### What you should do:
Only one stretch of the data below is wanted: the lines starting at the one with "Image Alt Text" and ending at the one with "Mini Lop rabbits", both included, given again exactly.

### Provided data:
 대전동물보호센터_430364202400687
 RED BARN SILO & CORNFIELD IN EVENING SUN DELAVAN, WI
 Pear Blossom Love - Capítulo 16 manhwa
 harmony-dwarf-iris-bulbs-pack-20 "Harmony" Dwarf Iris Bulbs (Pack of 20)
---
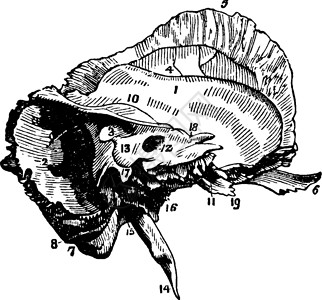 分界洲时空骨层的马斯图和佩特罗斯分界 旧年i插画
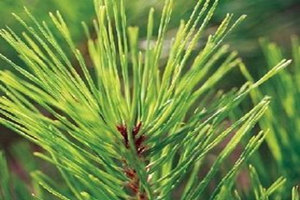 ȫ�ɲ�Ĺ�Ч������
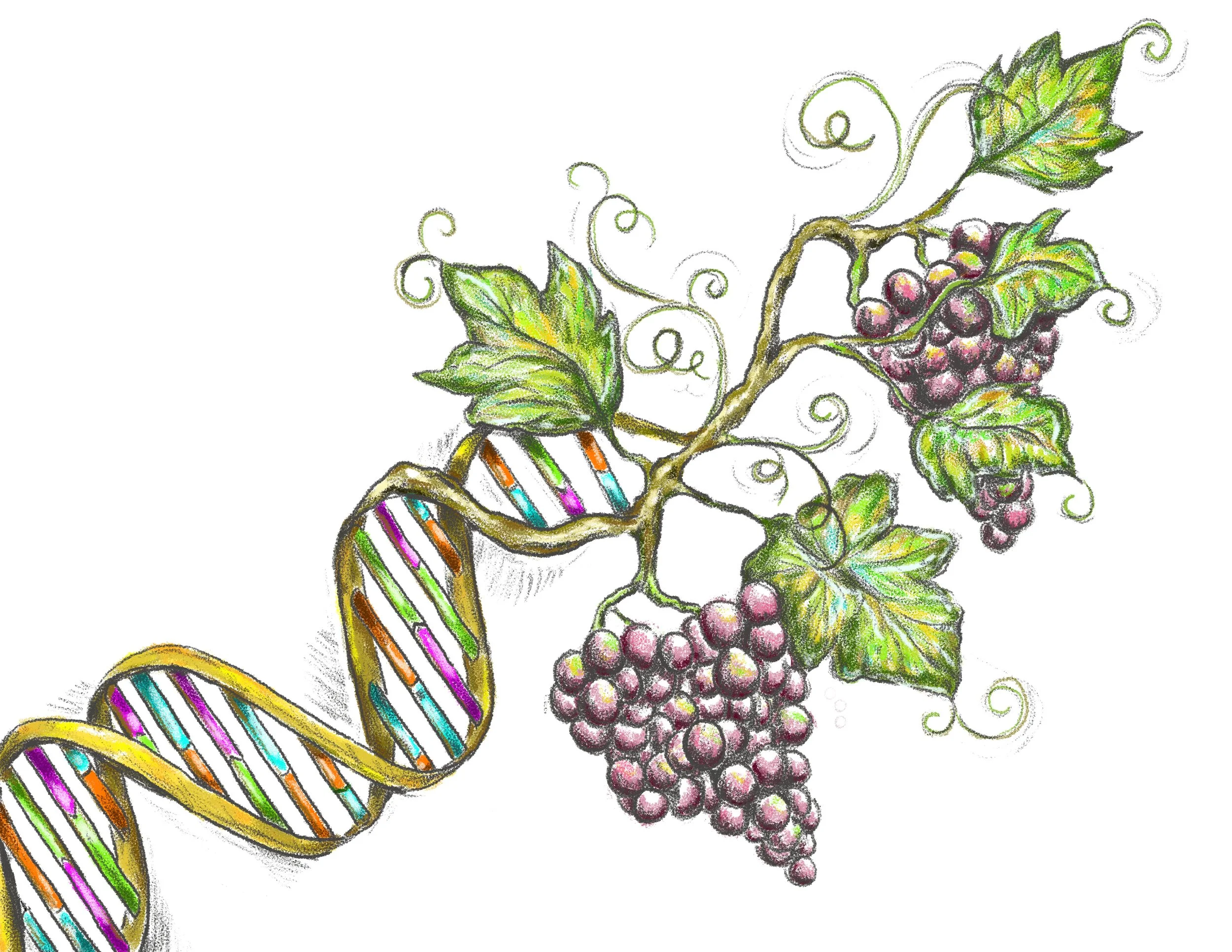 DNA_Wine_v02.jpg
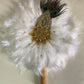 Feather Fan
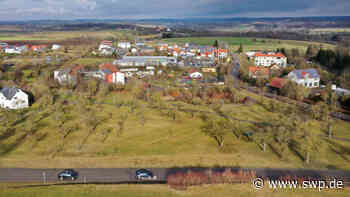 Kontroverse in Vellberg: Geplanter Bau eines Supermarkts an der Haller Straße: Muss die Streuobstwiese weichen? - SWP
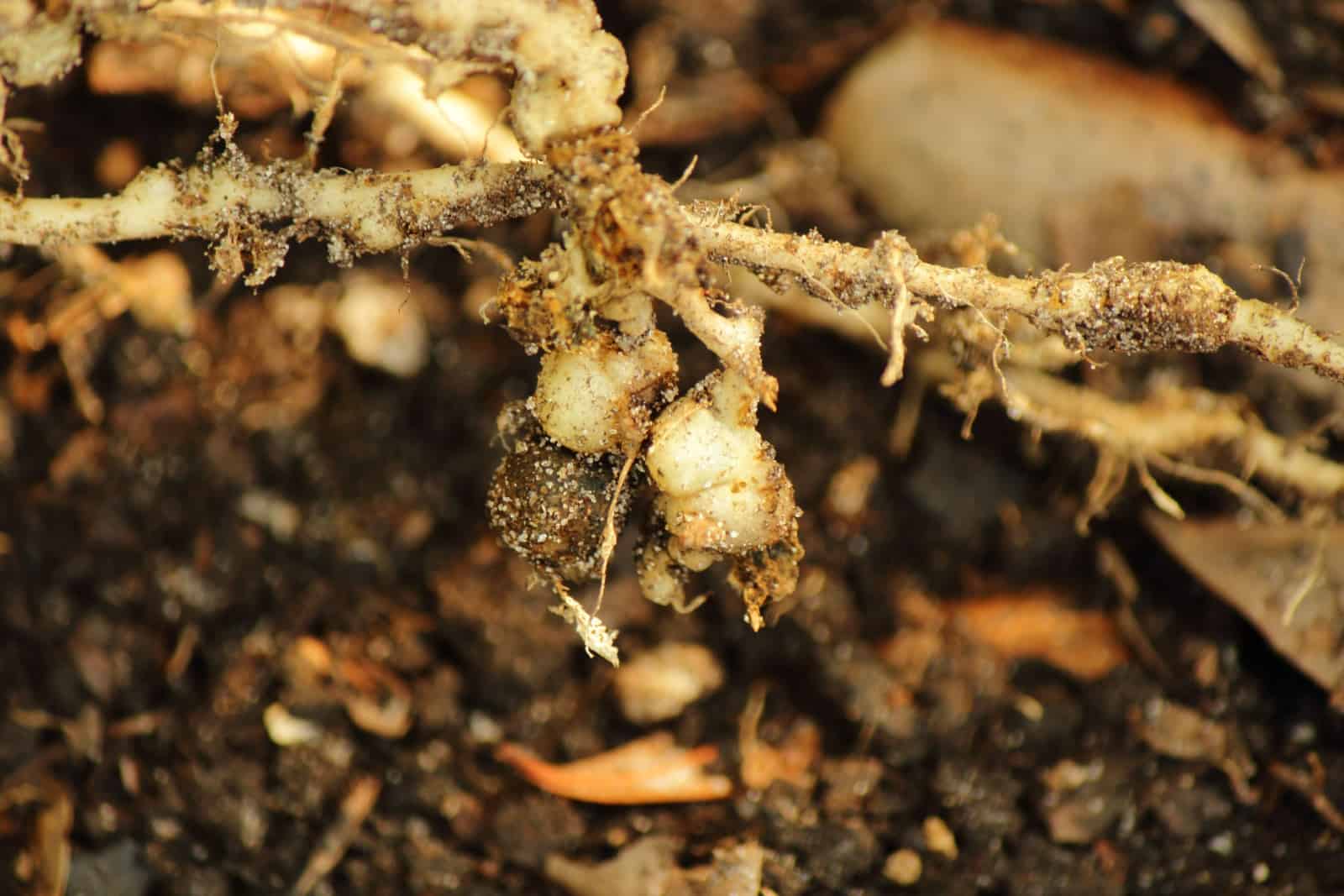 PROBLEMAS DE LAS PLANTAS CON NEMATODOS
* * *
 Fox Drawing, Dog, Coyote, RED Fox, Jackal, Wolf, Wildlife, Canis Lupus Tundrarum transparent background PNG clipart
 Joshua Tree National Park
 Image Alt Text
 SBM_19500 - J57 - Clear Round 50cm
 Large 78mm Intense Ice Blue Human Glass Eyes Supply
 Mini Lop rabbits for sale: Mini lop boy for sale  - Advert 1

### Exercise solution:
 Image Alt Text
 SBM_19500 - J57 - Clear Round 50cm
 Large 78mm Intense Ice Blue Human Glass Eyes Supply
 Mini Lop rabbits for sale: Mini lop boy for sale  - Advert 1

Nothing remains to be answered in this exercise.